Parameter	Type	Required	Notes
`periodStart`	string	yes	ISO 8601 timestamp.
`periodEnd`	string	yes	ISO 8601 timestamp.

Response (`200 OK`)

{
  "document": {
    "deviceId": "dev_pos_01",
    "orgId": "acme_corp",
    "periodStart": "2026-01-01T00:00:00.000Z",
    "periodEnd": "2026-03-31T23:59:59.000Z",
    "entries": [],
    "grandTotal": { "sales": 0, "refunds": 0, "net": 0 },
    "generatedAt": "2026-04-09T08:10:00.000Z"
  }
}

Example

curl "https://api.e-bon.ro/api/v1/reports/mf/dev_pos_01/generate?periodStart=2026-01-01T00:00:00Z&periodEnd=2026-03-31T23:59:59Z" \
  -H "x-api-key: ebon_live_acme_corp_a1b2c3d4e5f6a7b8c9d0e1f2a3b4c5d6"

Error codes

VALIDATION_ERROR (400) — periodStart / periodEnd missing or not valid ISO datetimes.
NOT_FOUND (404) — device or organization could not be resolved by the generator.
UNAUTHORIZED / FORBIDDEN — see Authentication › Handle auth errors.

GET /api/v1/reports/mf

Lists stored MF archive reports, newest-first by archiveDate.

Auth scope: reports

Query parameters

Parameter	Type	Default	Notes
`deviceId`	string	—	Filter by device.
`from`	string	—	ISO 8601 timestamp; reports with `archiveDate >= from`.
`to`	string	—	ISO 8601 timestamp; reports with `archiveDate <= to`.
`limit`	integer	`50`	`1`–`100`.

Response (`200 OK`)

{
  "reports": [
    {
      "id": "mfrep_q1_2026",
      "deviceId": "dev_pos_01",
      "content": "...fiscal memory dump...",
      "archiveDate": "2026-04-01T00:00:00.000Z",
      "expiresAt": "2036-04-01T00:00:00.000Z",
      "orgId": "acme_corp",
      "createdAt": "2026-04-01T01:00:00.000Z"
    }
  ]
}

Example

curl "https://api.e-bon.ro/api/v1/reports/mf?deviceId=dev_pos_01" \
  -H "x-api-key: ebon_live_acme_corp_a1b2c3d4e5f6a7b8c9d0e1f2a3b4c5d6"

Error codes

VALIDATION_ERROR (400) — bad query.
UNAUTHORIZED / FORBIDDEN — see Authentication › Handle auth errors.

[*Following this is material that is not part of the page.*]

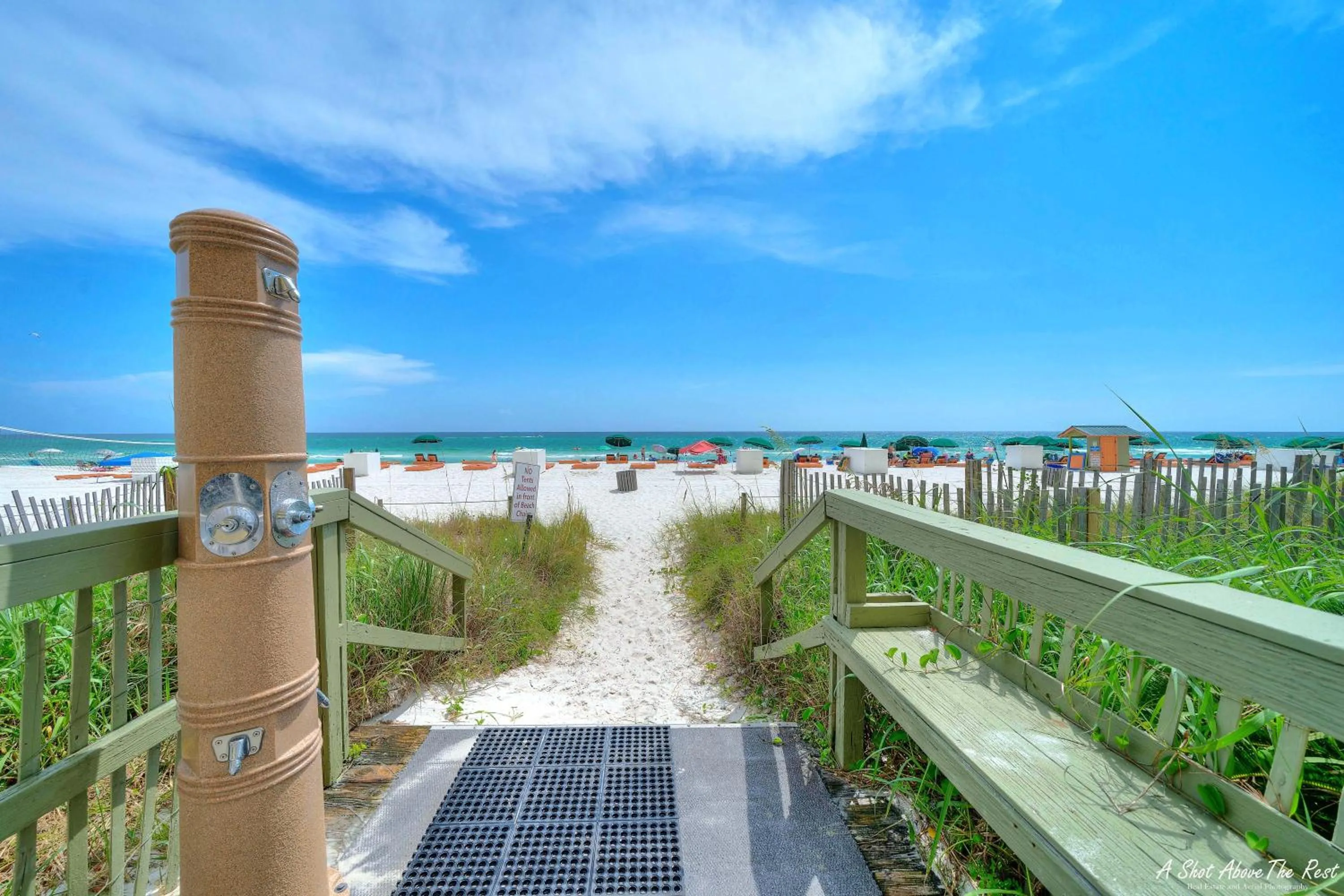 Emerald Isle Beach Resort by Sand Seeker Vacations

GET /api/v1/reports/mf/{reportId}

Returns a single stored MF report by ID.

Auth scope: reports

Example

curl https://api.e-bon.ro/api/v1/reports/mf/mfrep_q1_2026 \
  -H "x-api-key: ebon_live_acme_corp_a1b2c3d4e5f6a7b8c9d0e1f2a3b4c5d6"

Error codes

NOT_FOUND (404) — no MF report with that ID in your organization.
UNAUTHORIZED / FORBIDDEN — see Authentication › Handle auth errors.

POST /api/v1/reports/mf

Stores a Fiscal Memory archive record together with its retention expiry.

Auth scope: reports

Request body

Field	Type	Required	Notes
`deviceId`	string	yes	Must be a device that exists in your organization.
`content`	string	yes	Fiscal memory dump content.
`archiveDate`	string	yes	ISO 8601 timestamp — the date the archive covers.
`expiresAt`	string	yes	ISO 8601 timestamp — retention expiry (when the archive is automatically deleted).

Example

curl -X POST https://api.e-bon.ro/api/v1/reports/mf \
  -H "x-api-key: ebon_live_acme_corp_a1b2c3d4e5f6a7b8c9d0e1f2a3b4c5d6" \
  -H "Content-Type: application/json" \
  -d '{
    "deviceId": "dev_pos_01",
    "content": "...fiscal memory dump...",
    "archiveDate": "2026-04-01T00:00:00.000Z",
    "expiresAt": "2036-04-01T00:00:00.000Z"
  }'

Error codes

VALIDATION_ERROR (400) — request body failed validation (missing or malformed fields).
NOT_FOUND (404) — deviceId does not exist in your organization.
UNAUTHORIZED / FORBIDDEN — see Authentication › Handle auth errors.